Now, after a surprisingly unimpressive performance at the Senior Bowl and an NFL Scouting Combine appearance that was adequate but not showy, King may be slipping into the third round of the April 27-29 draft.
That’s according to Josh Liskiewitz, the Big Ten Conference scouting analyst for Pro Football Focus.
It’s not just that King is on the small side, at 5-foot-10, 201 pounds. It’s because this year’s draft class is historically strong at defensive back. Liskiewitz said there are 12 cornerbacks besides King who will grade well enough to be drafted in the first round, though not all will. Add another six or seven safeties good enough to merit first-round consideration, and King has his work cut out for him.
“He probably would have gone higher in last year’s draft,” Liskiewitz said of King, who ran through every drill but the 40-yard dash Monday at the combine in Indianapolis. “He tested fine. I’m sure he would have been OK in the 40 if he’d been able to run it. I don’t think he would have blown the doors off.
“But this class is just way too stacked.”
King suffered an abdominal strain during training leading up to the combine but told reporters he plans to run the 40 during Iowa’s Pro Day later this month.
His numbers in the other drills were mainly unremarkable when compared to the other defensive backs. King bench-pressed 225 pounds 14 times, had a 34-inch vertical jump, a 9-foot, 9-inch broad jump, ran 4.18 seconds in the 20-yard shuttle and 11.57 in the 60-yard shuttle. His best showing was in the three-cone drill, where his 6.67-second time was third-best among his position group.
Meanwhile, players like Ahkello Witherspoon of Colorado and Kevin King of Washington flourished at the combine.
“Guys that weren’t necessarily on the radar of the national media before were running 40s in the 4.4s and jumping out of the building,” Liskiewitz said. “When you show that kind of athleticism and it’s a deep class, those things are going to be tiebreakers.”

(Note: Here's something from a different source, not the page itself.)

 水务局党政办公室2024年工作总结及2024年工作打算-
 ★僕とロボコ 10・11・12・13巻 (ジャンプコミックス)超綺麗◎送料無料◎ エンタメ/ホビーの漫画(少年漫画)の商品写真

Liskiewitz still thinks King can have a lengthy NFL career as a starter, however. His productivity at Iowa suggests so.
Some NFL team will recognize that as well, and King will probably go in the late second or third round of the draft, Liskiewitz said.
“Every team’s going to have a different flavor to like,” Liskiewitz said. “Every team is going to have a completely different board.”